A aula de português se arrastava pela tarde, quando o professor ofertou a palavra férias como exemplo de substantivos que só se usam no plural, os esquisitos pluralia tantum. Resgatado da sonolência pelo que considerava um absurdo, discordei do professor, afirmando que existia a palavra féria. E dizia isso com a autoridade de um inveterado leitor de gibis, onde a coisa mais comum era um magote de bandidos invadir o saloon, limpar o caixa e depois sair atirando, sob os desmaios das dançarinas de can-can. “Eles levaram toda a féria da semana”, lamentava-se depois o dono do bar ao xerife que sempre chegava atrasado.

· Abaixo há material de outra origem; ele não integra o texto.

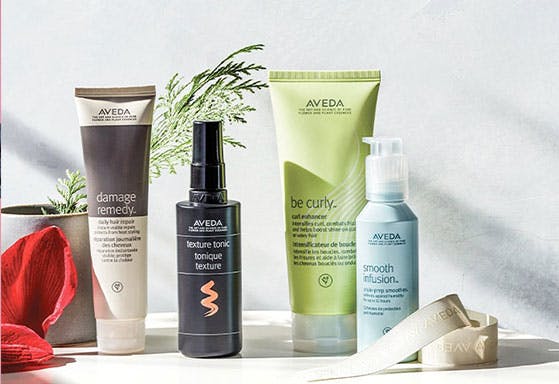 Aveda offer background image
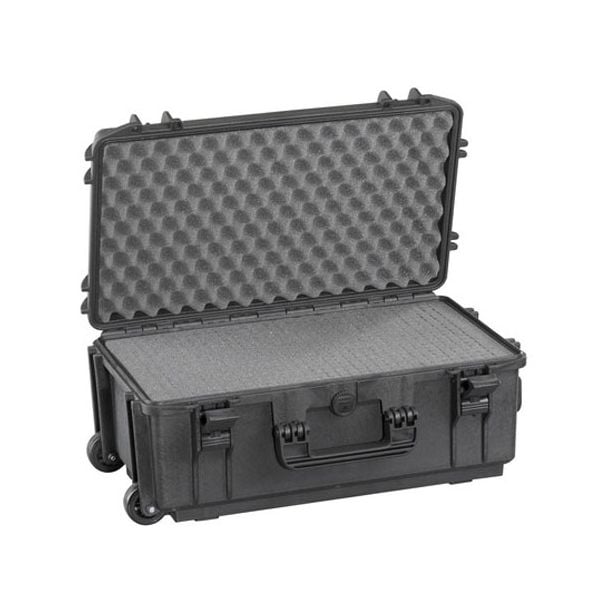 Plastica Panaro MAX520STR 30.2L IP67 Watertight Equipment Trolley Hard Case + Foam in Black [ MAX520STR ]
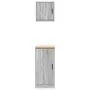 Armarios 2 uds para garaje madera ingeniería gris sonoma von , Armarios industriales - Ref: Foro24-3328301, Preis: 87,02 €, R...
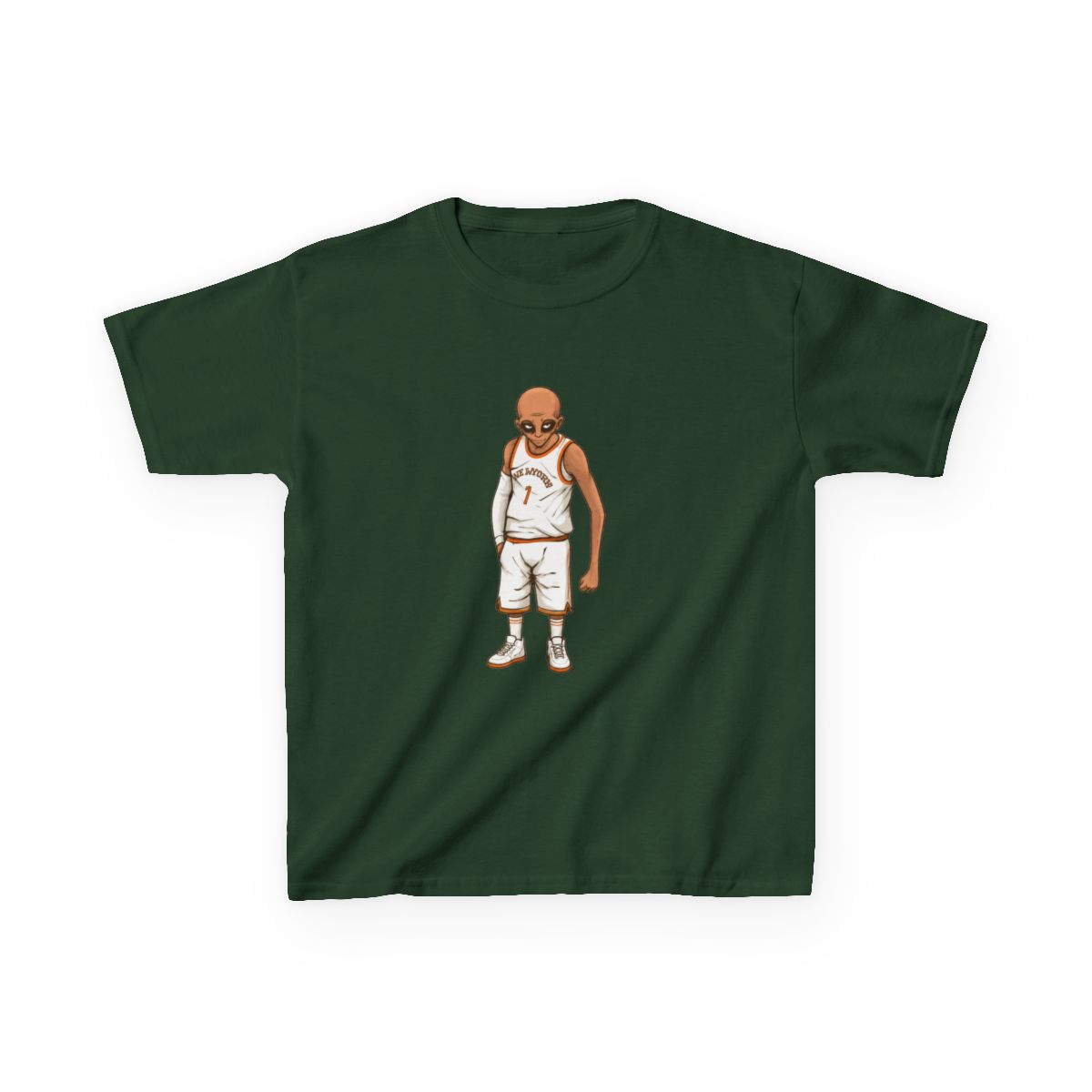 Victor Wembanyama Alien Celebration Kids T-Shirt - Official T-Shirts merchandise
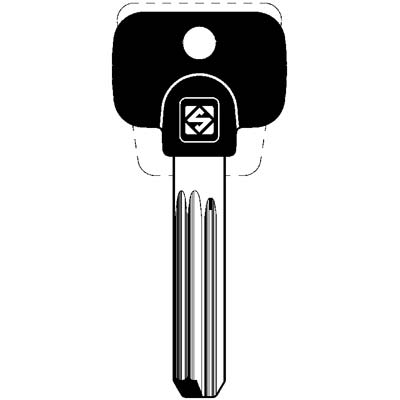 Chiave Punzonata Multlock Mtk12Rp Silca - Ottone Nichelato- 5 Pezzi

Mas professor é professor. Como toda autoridade que se preze, está sempre com a razão. Disse que eu estava falando besteira e continuou a desfilar sua sapiência, deixando-me entregue à abundante crueldade dos colegas.
Entrei em casa furioso e fui direto ao "Pequeno dicionário da língua portuguesa" que dormitava em cima do bufê, ao lado das palavras cruzadas do meu pai. E para lavar a minha alma, estava lá: Féria. Entre muitos significados, a singularíssima palavra queria dizer: “Em casa comercial, o dinheiro das vendas realizadas no dia, na semana, etc.”
Não fosse eu quem sou desde menino, me dobraria ao saber da autoridade, aceitaria a zombaria da classe como lição de humildade e nunca mais poria as mãos num gibi, esse subvertor de sonolências catedráticas. Fui salvo pelo amor à verdade, à minha verdade, pela obstinação em defendê-la, mesmo que para isso tenha de recorrer a uma arma tão plebéia como a palavra impressa num gibi.
Desse amor à verdade, deriva o meu amor às palavras. Um dia, um poeta cubano dizia numa conferência que não existiam palavras feias. Todas as palavras eram belas, afirmava, e pedia a confirmação d platéia. Discordei, dando como prova a palavra bochecha, que é uma palavra feia, por mais rosada e diáfana que seja a coisa por ela nomeada. Não sei se tinha razão, mas não importa. Feias ou bonitas, amo as palavras pelo muito que me servem de veículo em busca da verdade.
Sou um trabalhador da palavra, vivo delas, tiro delas meu sustento. Falando, escrevendo ou escutando, é das palavras, feias ou bonitas, que faço minha féria. Essa féria, também ela, convenhamos, palavra tão feinha, mas tão generosa que me salvou da mediocridade nos tempos de ginásio. E que me salva outra vez, agora, ao permitir que, divagando em torno dela, tenha cumprido o compromisso desta crônica.